The determination of members in schools to defend pay and conditions against the TLR cuts is the model that should be used nationally against the Bill. The embryo of solidarity shown by teachers during the local government pensions strike on March 28th demonstrates what can be achieved when we unite against a threat to universal provision. The Education Bill represents a greater threat to teachers than TLRs and it needs a response on a national scale to match the level of threat. The question is has the leadership got the bottle?
There is a lot to do if we are to overcome the complacency of the NUT leadership, and indeed those of other trade unions, if we are to see a serious fight to defend state education. Blair will not concede anything of consequence without a fight.
The determination of school-based trade unionists in alliance with parents, students and other trade unions are the major force that will tip the balance in our favour. We can start the ball rolling by planning a campaign to resist the Bill if passed.
Lots of commentators have compared the idea of trust schools to the Tory policy of grant-maintained schools in the 1990’s.
This idea passed through Parliament but was effectively killed by local and national campaigns to stop schools opting out. Local trade unionists linked up with parents and even constituency Labour parties to prevent it. We need to be prepared for this sort of campaigning again. But this time it will need to be more generalised.
The Tories at least allowed parents a vote on whether their school should opt out of democratic control. New Labour don’t plan to make that mistake. We will need to put pressure on schools planning to take up trust status. We will need to get commitments from LEAs that any new school set up will be a community school and that they will resist pressure to have trust schools.
Trade unionists need to consider what action they can take to defend school staff from the threat of trust schools which can tear up pay and conditions agreements. Experience from academies emphasises the huge threat to negotiating rights so the Union should be considering pre-emptive industrial action to stop this.

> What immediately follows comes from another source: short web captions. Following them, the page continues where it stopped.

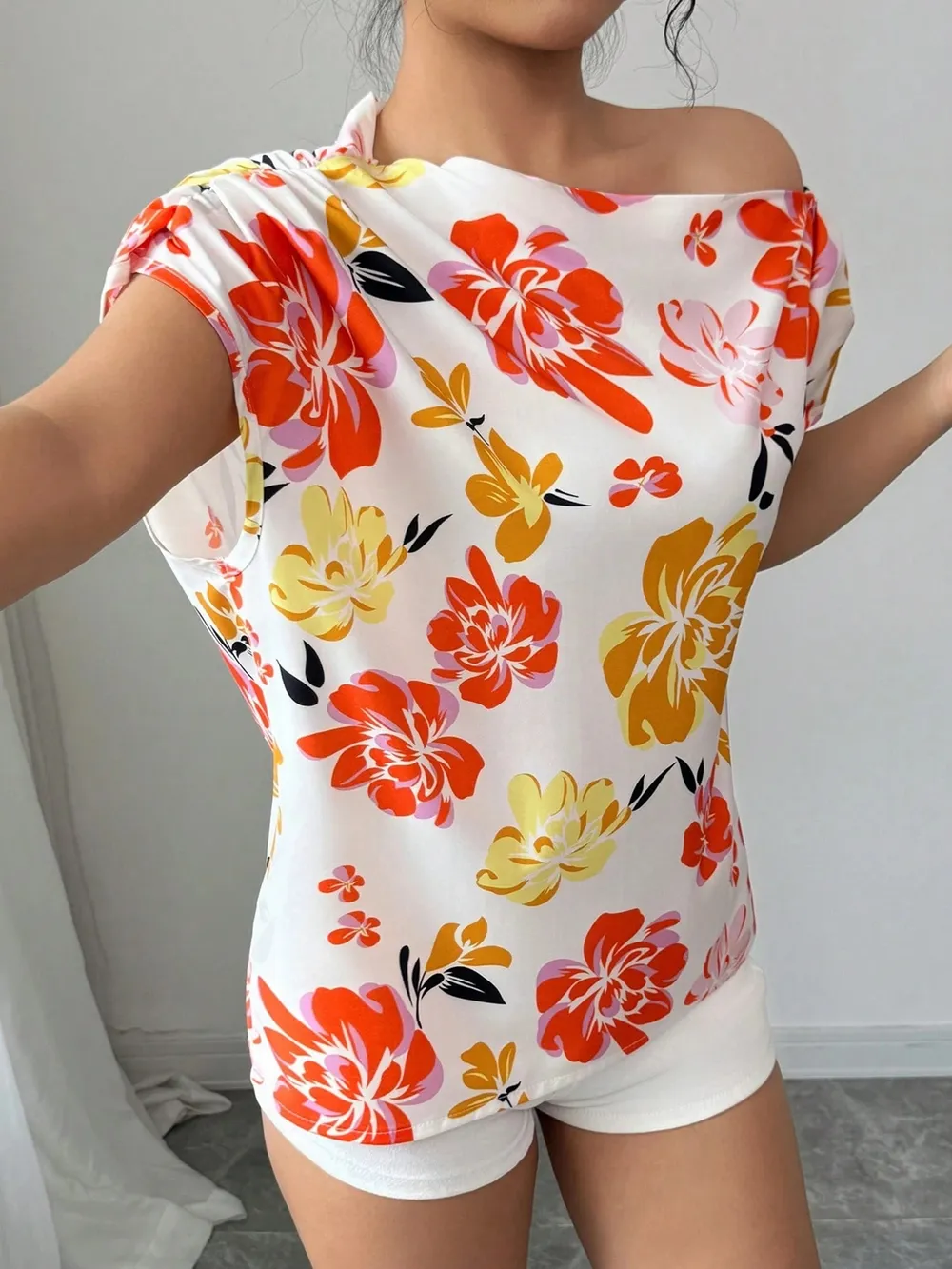 Floral Print One Shoulder Short Sleeve Blouse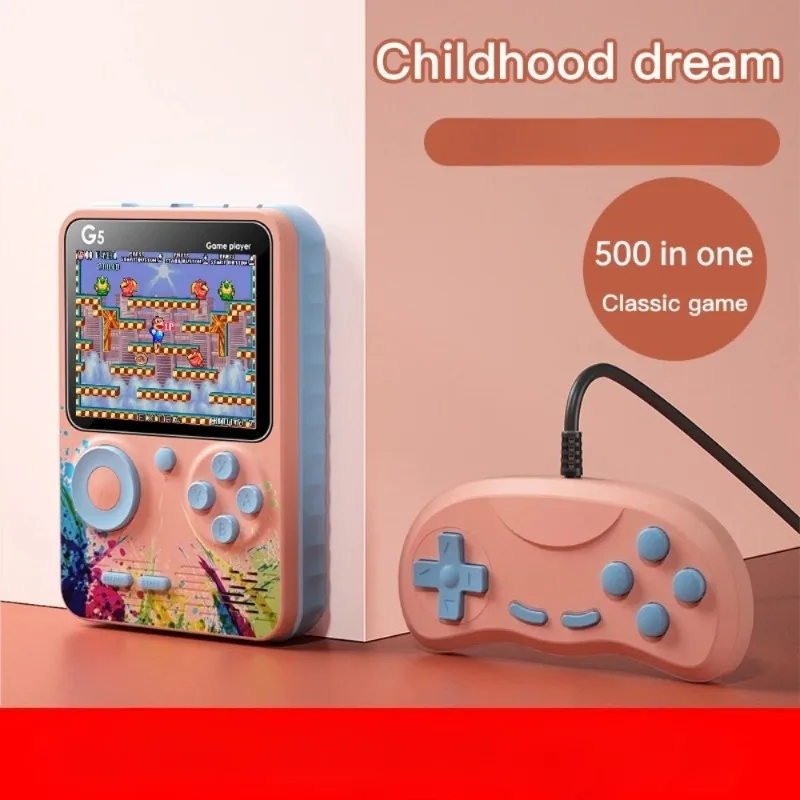 

Портативная игровая консоль G5 2026, 500 классических игр в стиле ретро, 3,0 дюйма, аккумулятор емкостью 1020 мАч, идеальный праздничный подарок для детей и взрослых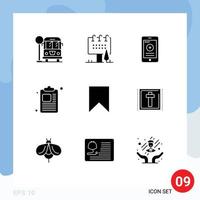 Pack of 9 creative Solid Glyphs of interface flag medical paper business Editable Vector Design Elements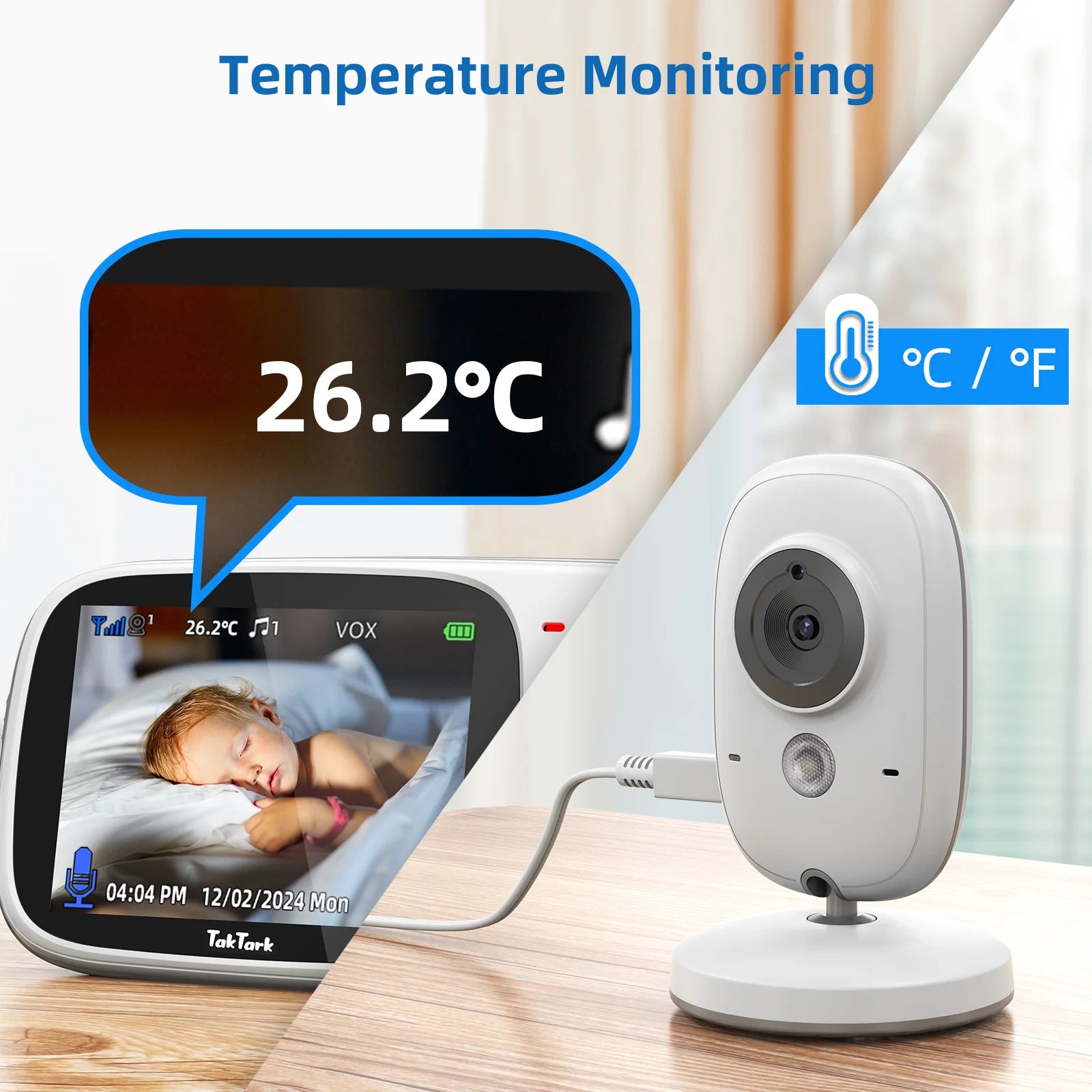 Smart Baby Monitor – 3.2” Display, Wireless Camera, Lullabies & Temperature Control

None of this means that the battle to stop this Bill in Parliament is irrelevant. It isn’t. However, the Bill will only lose in Parliament if enough Labour MPs vote against and there are enough concessions to ensure that the Tories also oppose it. If that combination of events happens, good.
We should work hard to increase the Labour rebellion. But the best way to shake up MP’s and councillors is to build a mass campaign for non-co-operation with the Education and Inspections Act including a focus on industrial action sooner rather than later.